It seems that it will be in 2010, then, that we should watch for signs of Cambodia's fixed telephony and Internet segments beginning to enjoy the early stages of new growth. Whether this will ever be anything like as impressive as the growth of mobile services remains to be seen. I certainly doubt that the wireline space will, in the near future, be contested by anything like as many players as the mobile market, which, as I've stated here numerous times, has no fewer than nine cellcos jockeying for position. Again, let me take the opportunity to opine that while a good number of MNOs competing on price and innovation are needed to drive the growth of any cellular market, Cambodia seems to be a place were the level of competition may actually be excessive. I've repeated here (almost ad nauseum for regular readers, perhaps) that the aggressive pricing by the likes of Metfone and Vimpelcom-backed Beeline Cambodia has been cited as the reason for global emerging markets player Millicom International Cellular quitting the country.

Another matter given a fair amount of space here has been the fact that the first of those two disruptive later market entrants is backed by a company owned by the military establishment of Vietnam. At risk of excessive repetition, I'll say again that an army-owned cellco from a communist, centrally planned economy is surely not under the same kind of obligations to return profits for shareholders as is the case for its competitors. This affords the operator the possibility of building a mission around extending the availability of services to more remote regions and less affluent people, as Viettel-owned Metfone seems to have done in Cambodia.
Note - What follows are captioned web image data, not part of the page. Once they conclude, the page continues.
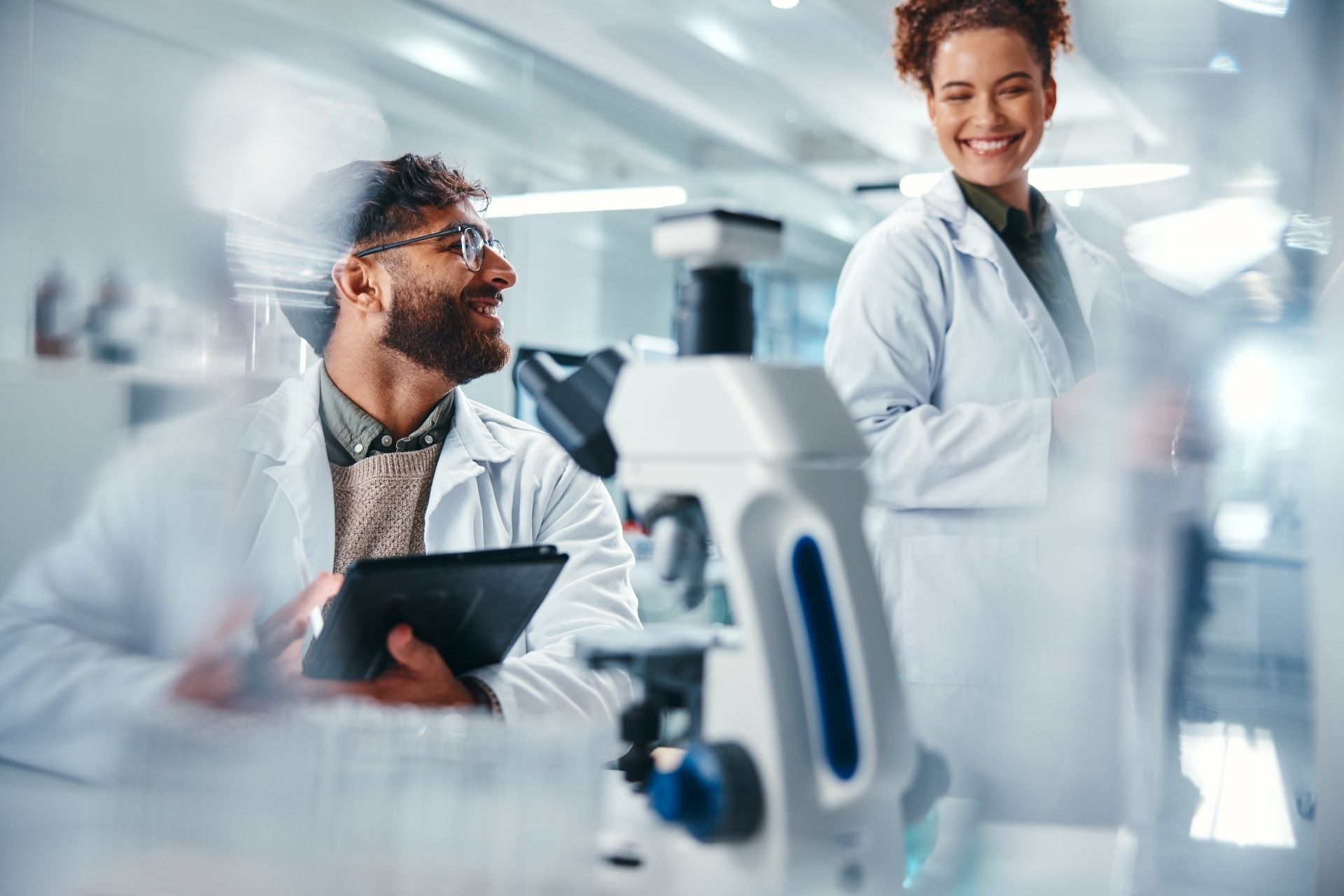 Tablet, scientist and team with smile, medical research and man for results of test and talking. Lab, online and conversation for medicine of healthcare, pharmaceutical and collaboration for science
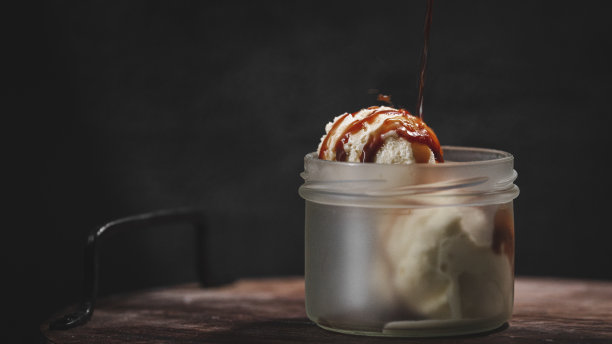 特写镜头的冰淇淋勺子与焦糖酱隔离在黑色背景图片下载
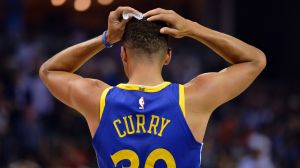 Golden State Warriors guard Stephen Curry has been fined $US50,000 for throwing his mouthguard.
Perhaps encouraged by how successful this has been, Viettel is now reportedly keen to buy a stake in Teletalk, a state-ownd GSM operator in Bangladesh, according to a recent Cellular News article.

Teletalk has not carved out a significant chunk of the Bangladesh mobile market. According to WCIS, it is currently estimated to own just 2.31% of the country's 48.7 million subscriptions. However, with mobile penetration at under 30% in the densely populated south Asian country, a nice growth opportunity may exist for any company acquiring the public sector MNO and somehow improving its performance. If Viettel prevails in its bid and is similarly successful in growing the customer base through the application of the same low-price approach used in Cambodia, perhaps a major shake up will affect the Bangladeshi market, where change of some kind has seemingly been on the cards for a while.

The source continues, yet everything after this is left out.